I've got two little geeks living with me.  They each got Chromebooks for Christmas this year (2013) and want to start using them right away to do weird stuff.  


December 27, 2013

12-25-2013

First off, let me tell you that I'm not familiar with ChromeOS.  I know it's Linux based, so I've been thinking I should have at least half a clue.  It is now Christmas night, and as I tear into this thing, I'm finding that in fact I do NOT have half a clue.

My nine year old has a website brewing.  Right now he's got an index.html and another file with some text about the Titanic.  We've gotten as far as those couple of files, plus a stylesheet.  The site is orange with white text.  The files live in his home directory on our home PC, which is also a web server, which also has port 80 aimed at it through the router/firewall.  He can see this page from school, and it's very exciting for him.

So far, he's been using a Macbook (running Xubuntu 12.04) to edit his files.  We mount them up via sshfs and he uses Geany (vi might be tough on a nine year old) to make changes.  I thought I'd be able to duplicate this setup with ChromeOS, since it's Linux based…

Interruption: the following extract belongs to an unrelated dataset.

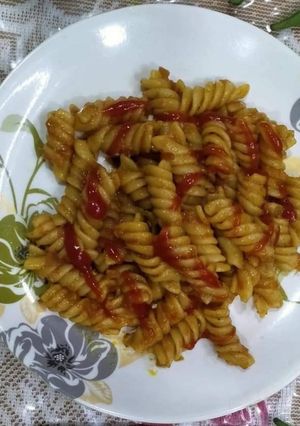 मसाला पास्ता (masala pasta recipe in Hindi) रेसिपी मुख्य फोटो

This process seems like a complete ruckus, considering the itty bitty thing I want to do compared with all the steps I need to perform to get it done.  I needed to get into what's called Developer Mode, and found out how on Chromium's Poking Around Your Chrome OS Device page, then got sshfs-fuse installed by following the instructions on Chromium's Installing Developer and Test packages onto a Chrome OS device page. 

When the Chromebook booted, there was a message "OS verification is OFF — Press SPACE to re-enable."  I thought it was hung at this point, but it just took a couple minutes to finish booting.  I rebooted it a couple times to make sure it was all right, mounted and unmounted a share via sshfs and fuse from the command line, and at that point I called it a day. 

12-26-2013

We needed a couple more things before we could call this project finished.  One was an easy process of mounting up his home directory (a bash script would be nice, but I'm not sure yet if I can run them in ChromeOS) and a good text editor.  There are a bunch that work in a browser and write to the cloud, but I'd rather there just be a stand alone editor that saves locally.  Caret looked promising, and I'd messed with it a bit the night before, but I couldn't make it show me what I was typing and haven't gone back and forth yet with the author enough yet to figure out what's wrong.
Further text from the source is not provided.